An estimator of the population mean \(\bar{y}_U\), defined as a ratio, its variance, and its estimated variance are given by \[ \begin{aligned} \widetilde{y}_S &= \dfrac{\hat{t}_{y,\pi}}{\hat{N}_{\pi}}=\sum_S\dfrac{y_k}{\pi_k}\bigg/\sum_S\dfrac{1}{\pi_k}\\ AVar(\widetilde{y}_S) &= \frac{1}{N^2}\sum\sum_U\Delta_{kl}\left(\frac{y_k-\bar{y}_U}{\pi_k}\right)\left(\frac{y_l-\bar{y}_U}{\pi_l}\right)\\ \widehat{Var}(\widetilde{y}_S) &= \frac{1}{\hat{N}^2}\sum\sum_S \dfrac{\Delta_{kl}}{\pi_{kl}}\left(\frac{y_k-\widetilde{y}_S}{\pi_k}\right)\left(\frac{y_l-\widetilde{y}_S}{\pi_l}\right) \end{aligned} \] respectively.
This estimator coincides with the classical estimator \(\bar{y}_S\) in sampling designs such as simple random sampling or stratified random sampling.
It is the rule, rather than the exception, that the absolute size \(N_d\) of a domain under study is unknown. Section 3.2.4 presented the basis for estimating the mean of the characteristic of interest in a domain when simple random sampling was used.
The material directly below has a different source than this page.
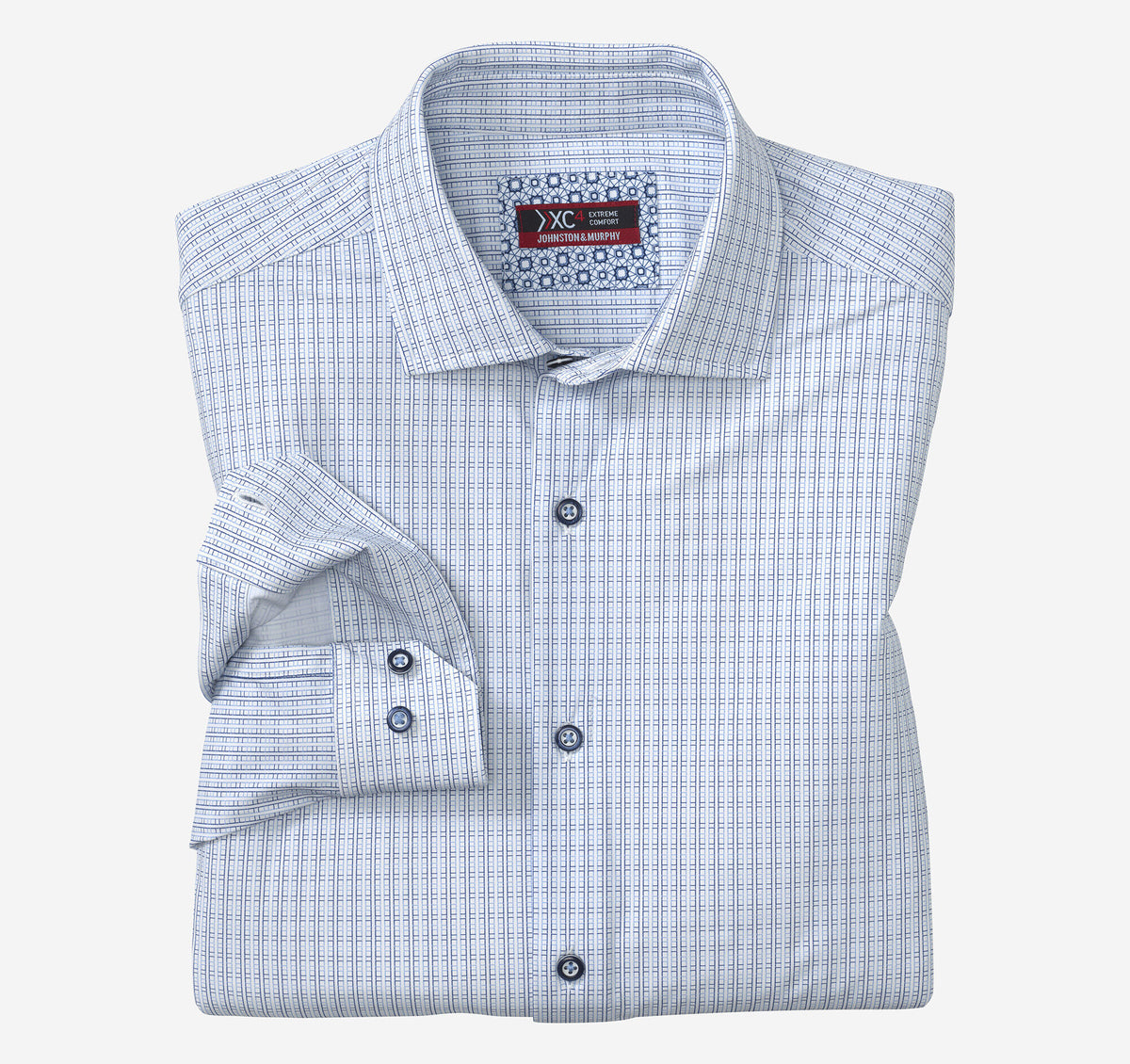 Men's XC4® Motion Long-Sleeve Dress Knit Shirt - Johnston Murphy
This section provides the guidelines needed to carry out this estimation under any sampling design when \(N_d\) is unknown. Following the notation of Section 3.2.4, where the indicator function of the domain \(U_d\) given by (3.2.22) was defined and the variable \(y_{dk}\) was constructed, the following results are obtained for estimating \(N_d\) and for estimating the total of the characteristic of interest \(t_{yd}\) in the domain \(U_d\).
Under any sampling design, the Horvitz-Thompson estimator for the absolute size of a domain \(N_d\), its variance, and its estimated variance are given by \[ \begin{aligned} \hat{N}_{d,\pi} &= \sum_S\frac{z_{dk}}{\pi_k}\\ Var(\hat{N}_{d,\pi}) &= \sum\sum_U\Delta_{kl}\frac{z_{dk}}{\pi_k}\frac{z_{dl}}{\pi_l}\\ \widehat{Var}(\hat{N}_{d,\pi}) &= \sum\sum_S \dfrac{\Delta_{kl}}{\pi_{kl}}\frac{z_{dk}}{\pi_k}\frac{z_{dl}}{\pi_l} \end{aligned} \] respectively.
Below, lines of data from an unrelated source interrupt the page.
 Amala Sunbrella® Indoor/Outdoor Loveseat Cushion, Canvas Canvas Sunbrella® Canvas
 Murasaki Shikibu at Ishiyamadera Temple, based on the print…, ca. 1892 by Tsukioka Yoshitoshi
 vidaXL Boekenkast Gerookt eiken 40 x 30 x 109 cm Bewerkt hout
Under any sampling design, the Horvitz-Thompson estimator for the total of the characteristic of interest \(t_{yd}\) in the domain \(U_d\), its variance, and its estimated variance are given by \[ \begin{aligned} \hat{t}_{yd,\pi} &= \sum_S\frac{y_{dk}}{\pi_k}\\ Var(\hat{t}_{yd,\pi}) &= \sum\sum_U\Delta_{kl}\frac{y_{dk}}{\pi_k}\frac{y_{dl}}{\pi_l}\\ \widehat{Var}(\hat{t}_{yd,\pi}) &= \sum\sum_S \dfrac{\Delta_{kl}}{\pi_{kl}}\frac{y_{dk}}{\pi_k}\frac{y_{dl}}{\pi_l} \end{aligned} \] respectively.
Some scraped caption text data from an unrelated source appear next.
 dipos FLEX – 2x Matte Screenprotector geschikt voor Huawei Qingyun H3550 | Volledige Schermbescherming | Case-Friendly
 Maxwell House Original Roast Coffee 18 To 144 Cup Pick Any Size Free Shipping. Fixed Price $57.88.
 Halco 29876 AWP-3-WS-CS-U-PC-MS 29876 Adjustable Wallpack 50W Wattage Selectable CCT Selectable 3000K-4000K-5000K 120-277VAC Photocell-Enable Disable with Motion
Once the preceding parameters have been estimated, and following expression (3.2.23) for the mean of a domain, we proceed to estimate it using the following result.
An estimator of the mean of a domain \(\bar{y}_{U_d}\), defined as a ratio, its variance, and its estimated variance are given by \[ \begin{aligned} \widetilde{y}_S &= \dfrac{\hat{t}_{y,\pi}}{\hat{N}_{\pi}}=\sum_S\dfrac{y_{dk}}{\pi_k}\bigg/\sum_S\dfrac{z_{dk}}{\pi_k}\\ AVar(\widetilde{y}_S) &= \frac{1}{N_d^2}\sum\sum_U\Delta_{kl}\left(\frac{y_{dk}-\bar{y}_{U_d}}{\pi_k}\right)\left(\frac{y_{dl}-\bar{y}_{U_d}}{\pi_l}\right)\\ \widehat{Var}(\widetilde{y}_S) &= \frac{1}{\hat{N}_d^2}\sum\sum_S \dfrac{\Delta_{kl}}{\pi_{kl}}\left(\frac{y_{dk}-\widetilde{y}_{S_d}}{\pi_k}\right)\left(\frac{y_l-\widetilde{y}_{S_d}}{\pi_l}\right) \end{aligned} \] respectively.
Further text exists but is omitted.